Estamos a entrar no último ano desta legislatura. Quando olho para o que aconteceu neste período, no sector ferroviário, não posso deixar de me sentir profundamente decepcionado com as decisões que este Governo tomou em relação a este sector, em particular mas, também, em relação aos transportes em geral. As decisões tomadas foram sempre no sentido de manter o status quo, o que agravou a degradação dos diferentes subsectores.

Vamos por partes.

Governar não é fácil, é uma afirmação que se ouve com frequência. Talvez! Sobretudo se a acção governativa visar defender o Interesse Nacional.
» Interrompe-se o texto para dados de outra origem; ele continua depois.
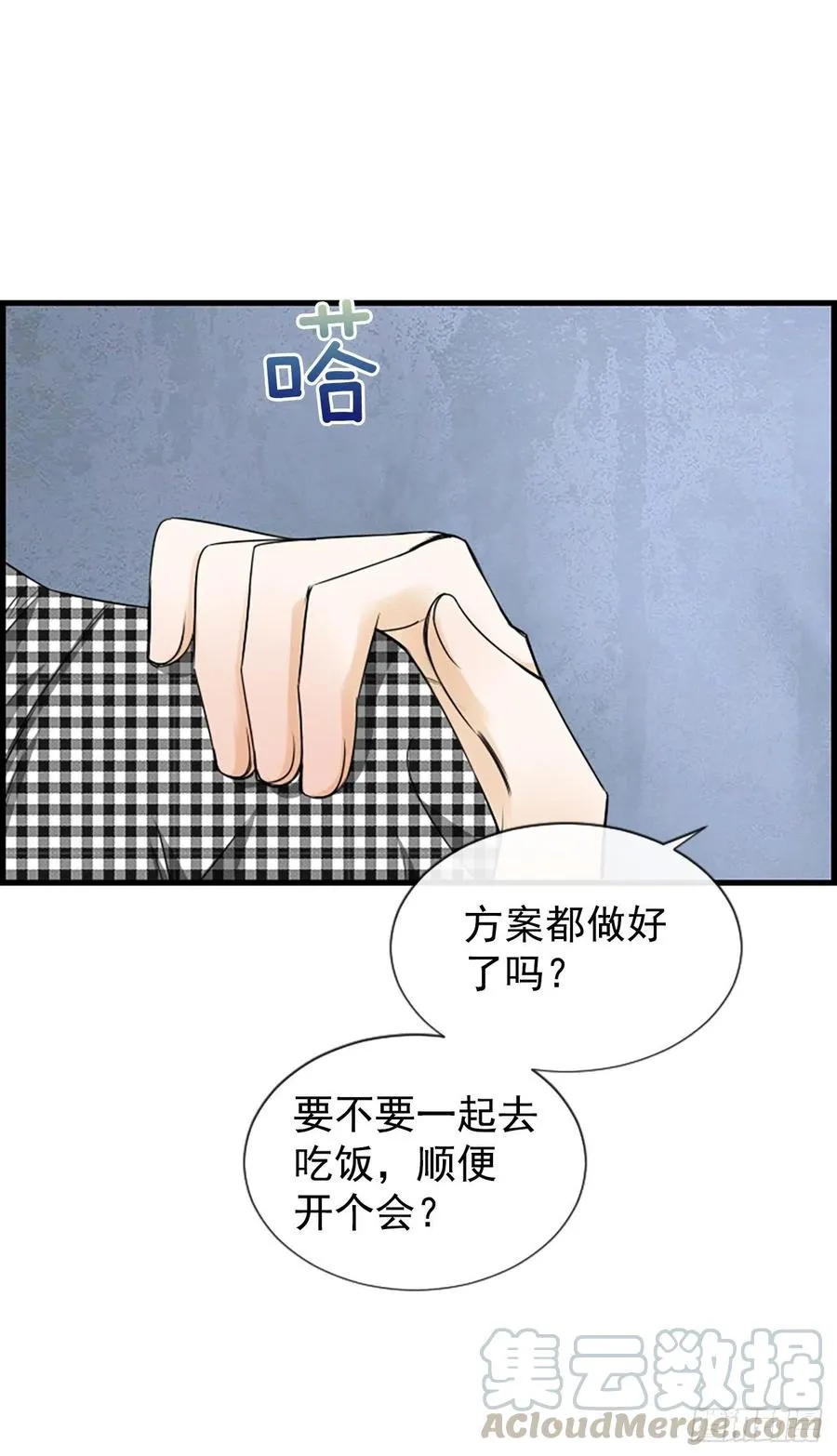 29.往事 第49页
Mas infelizmente não foi isso que aconteceu, pelo menos desde os anos 90 do século passado, em que governar foi, para alguns, criar condições de benefício pessoal, conforme se comprova com os inúmeros casos de corrupção que a justiça tem entre mãos. Mesmo quando não fizeram nada de ilegal, criaram as condições para retirar benefício pessoal pertencendo a Conselhos ou de Administração ou Estratégicos ou de outra coisa qualquer.
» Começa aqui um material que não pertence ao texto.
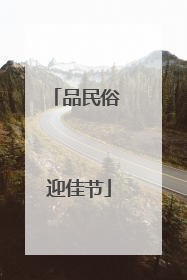 品民俗 迎佳节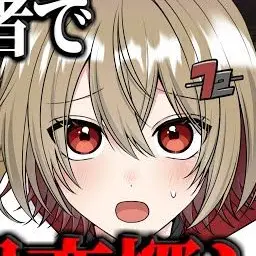 Profile image of 暇72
Não estou, nem pretendo, fazer aqui, qualquer análise histórica às últimas três décadas de governação no nosso País (embora seja importante que todos saibamos um pouco mais de história, em especial a do século XX), nem quero meter todos no mesmo saco, apenas estou a fazer a constatação de factos de todos conhecidos e que nos trouxeram à situação em que nos encontramos hoje: uma dívida pública de mais de 250 mil milhões de euros o que nos retira, todos os anos e por agora, quase 10 mil milhões de euros só para juros; salários mínimos e médios miseráveis, empregos precários e pouco qualificados na sua esmagadora maioria, forçando milhares dos nossos jovens mais preparados a sair do País para poderem ter actividades profissionais e remunerações adequadas às suas qualificações (quase todos nós vivemos essa situação com familiares). Ora é óbvio que, governar com estes resultados não é, certamente, defender o Interesse Nacional.
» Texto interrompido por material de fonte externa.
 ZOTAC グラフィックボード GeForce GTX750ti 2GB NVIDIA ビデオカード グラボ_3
E, naturalmente, não pode ser defender o Interesse Nacional quando o Estado deixa de ter o controlo de sectores vitais e estratégicos para o desenvolvimento e segurança do País, como a Rede Eléctrica Nacional, a infra-estrutura da Rede de Comunicações e as infra-estruturas Aeroportuárias Nacionais. É evidente que, no contexto actual, vai ser difícil ao País reverter a situação, qualquer que seja o Governo e, mesmo assim, era necessário que se conseguisse acordo político alargado sobre o que é o Interesse Nacional.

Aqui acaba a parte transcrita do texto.